The Tornesi winery in Montalcino, Tuscany does one thing—Sangiovese—and does it very well. And they’ve done it for a very long time. So, when you encounter a modestly priced table wine from a heritage producer like this (many in Montalcino release gently priced “table wines” like “Il Canto del Cucolo”), you take it seriously. Farming just five hectares of organically farmed vineyards, Tornesi doesn’t just produce stellar Brunello and Rosso di Montalcino; this wine, from younger plantings in those same vineyards, is their secret weapon.


Bright, brambly, and unoaked, this is not the kind of wine that gets 100 points from critics, but when it comes to authentic varietal character and terroir expression, you will not find better. In fact, if wines were rated based solely on the enjoyment they provided (versus the intricacies of their construction), Tornesi’s “Il Canto del Cucolo” would undoubtedly be a 100-pointer. If Rosso di Montalcino is the “baby” Brunello, then this 2019 is the “baby” Rosso, although it feels perfectly grown up to me. As we say often on SommSelect: If you want to take the measure of a great producer, see what their least expensive wine is like. Well, Tornesi is a great producer. Prepare to be impressed!



And, despite being priced like a mass-market supermarket label, Il Canto del Cucolo also happens to be a true “farm-to-table” wine. The Tornesi family has been rooted in the same spot—a località just outside Montalcino’s fortress-like walls called “Le Benducce”—since 1750. Their 1.2-hectare estate vineyard at Le Benducce is the foundation, and at 500 meters, is one of the highest-elevation vineyard sites in the entire Montalcino DOCG. The Tornesis were founding members of the Brunello di Montalcino consorzio (producers’ association) when the appellation was created in 1967, although the family didn’t begin bottling wines under their own label until 1993, when Maurizio Tornesi took the reins from his father, Gino. They hand-farm a total of just five hectares in four locations throughout Montalcino, with what they call “passion and obstinacy.” 

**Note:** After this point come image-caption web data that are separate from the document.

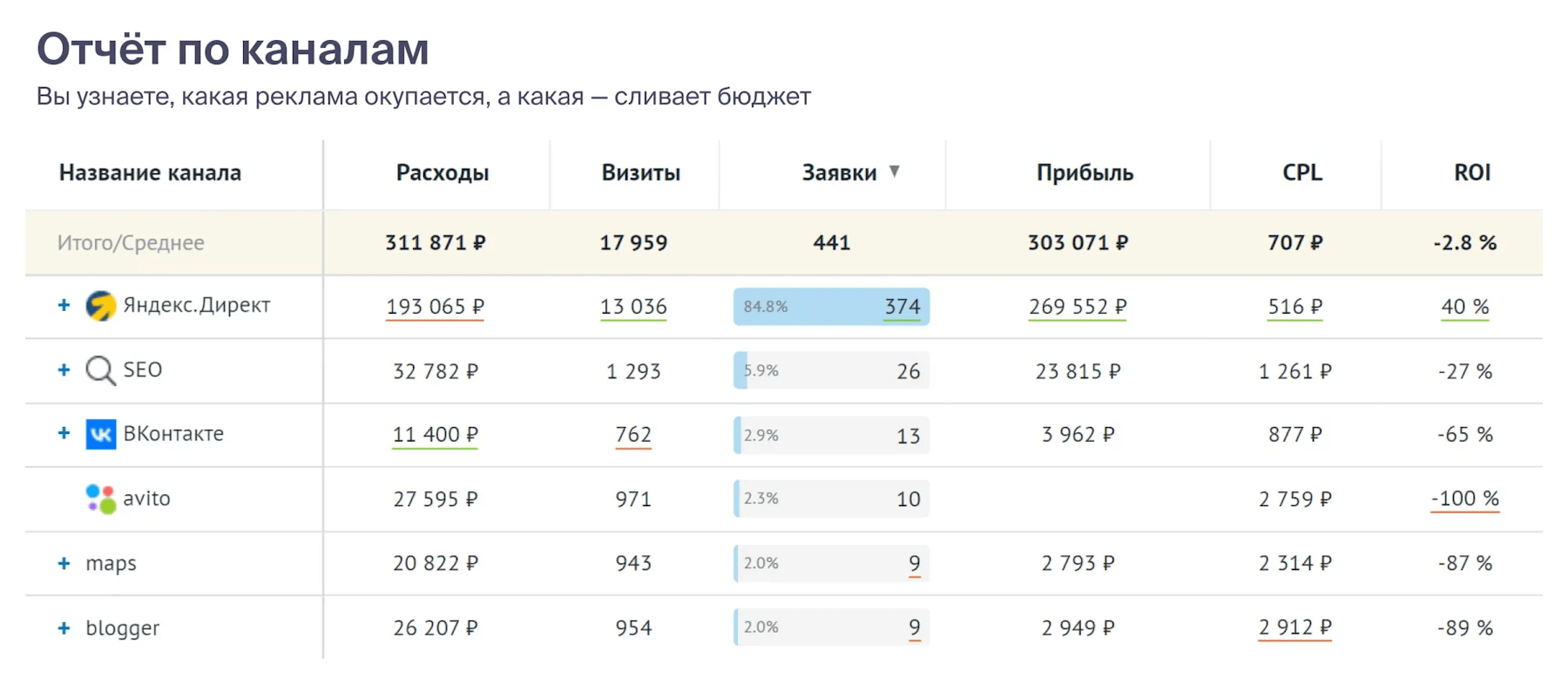 Кабинет платформы Roistat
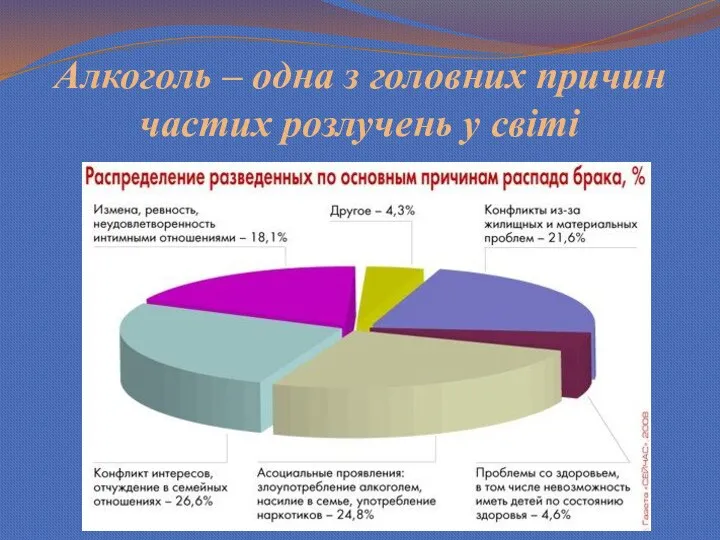 Алкоголь – одна з головних причин частих розлучень у світі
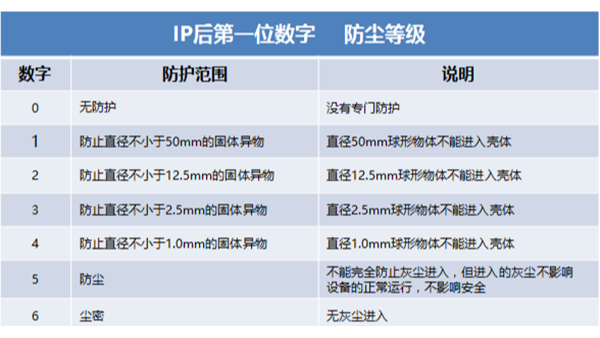 科普雷达液位计的外壳防护等级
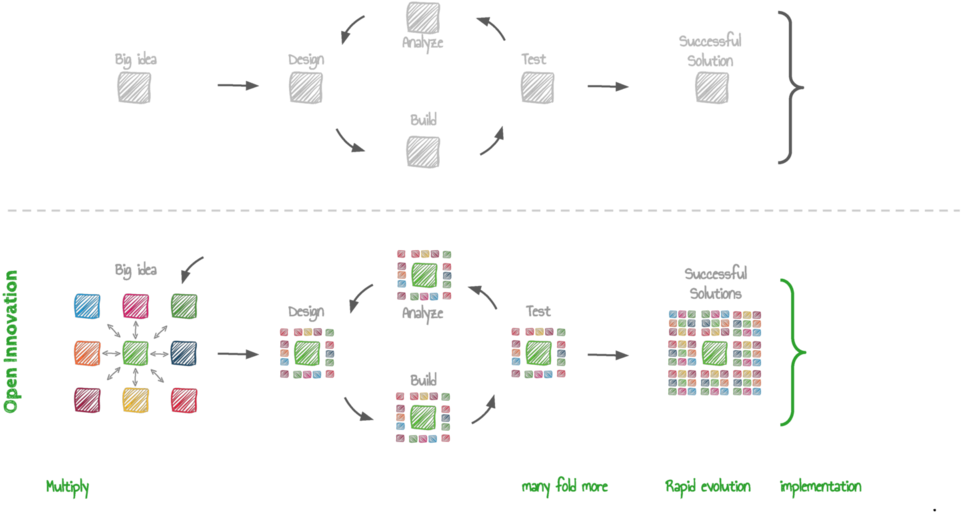 Open Social Innovation Open Vs Closed - Innovation (1000x563), Png Download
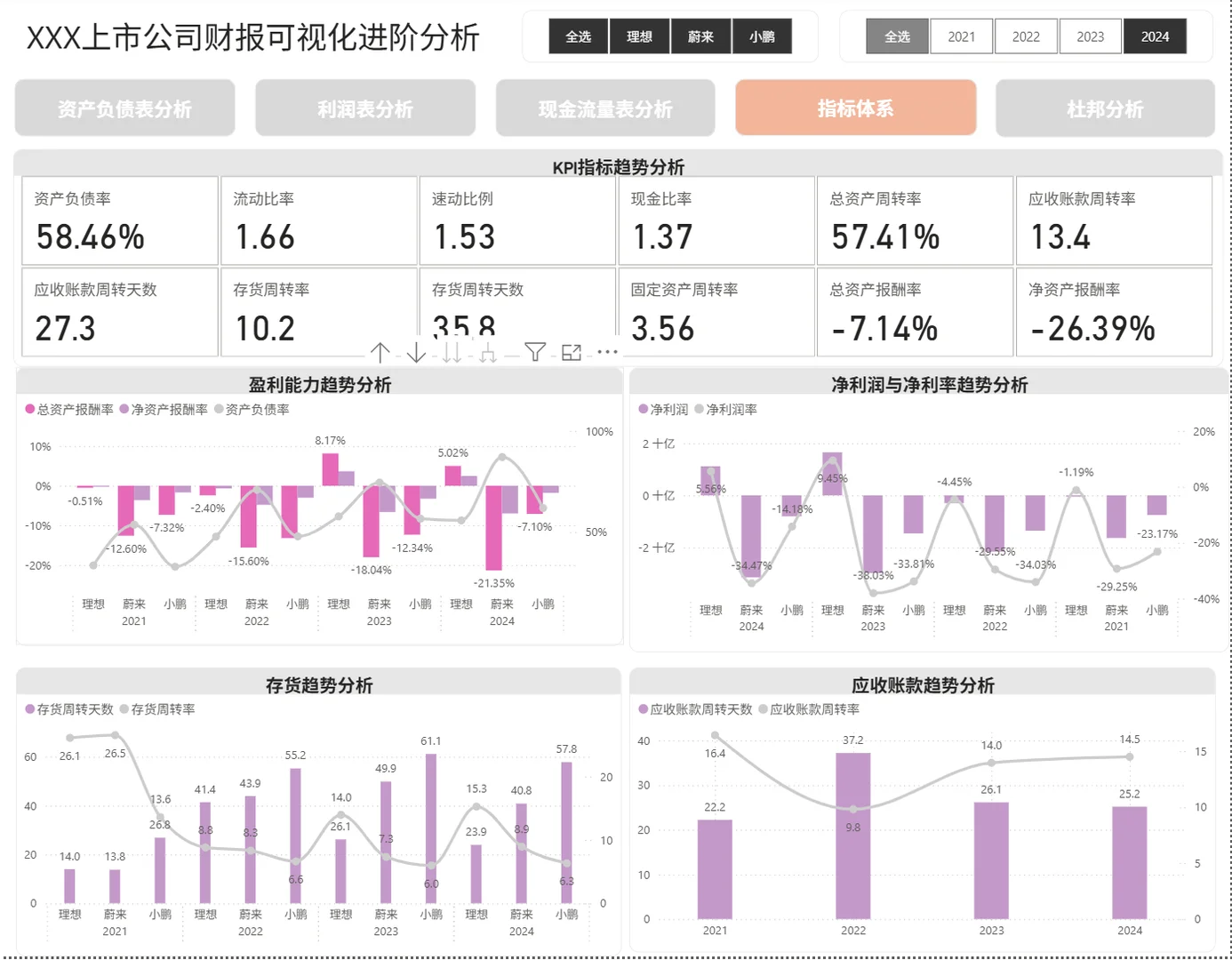 Power BI+SQL业财一体从基础到进阶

The program is straightforward and resolutely traditional at Tornesi: They only grow Sangiovese grapes (and olives for oil) in the marl and sandstone soils typical of the zone, producing Brunello di Montalcino, Rosso di Montalcino, and today’s young-vine Sangiovese aged only in steel. Although not certified, their farming is organic in practice: they use only natural fertilizers and eschew chemical pesticides. In the cellar, they fall squarely in the “traditionalist” camp, with consultation provided by enologist Paolo Vagaggini.


The 2019 “Il Canto del Cucolo” (“song of the cuckoo”—even the name is great) is the ultimate in vibrant, fresh Montalcino Sangiovese. There’s no oak, no gimmicks, and no need for either: The wine is varietally spot-on, sneakily substantial, and impeccably balances fruit and earth on a wave of freshness. In the glass, it’s a bright ruby-garnet moving to pink at the rim, with a sappy core of black cherry fruit supplemented by black and red currant, cranberry, orange peel, violets, wild herbs, underbrush, and a whiff of smoke. Medium-bodied and thrumming with energy, it’s a lip-smacking refresher that also takes you someplace—the kind of effortlessly delicious red you’d be snapping photos of if you had it in a trattoria somewhere in Tuscany. To re-create that experience, get the bottle(s) down to about 60 degrees (cellar temperature), pull the cork(s) about 15 minutes before serving with a grigliata mista (mixed grill) of burgers, steaks, sausages, etc. And some vegetables, too! Cheers!


Tornesi, Rosso da Tavola “Il Canto del Cucolo”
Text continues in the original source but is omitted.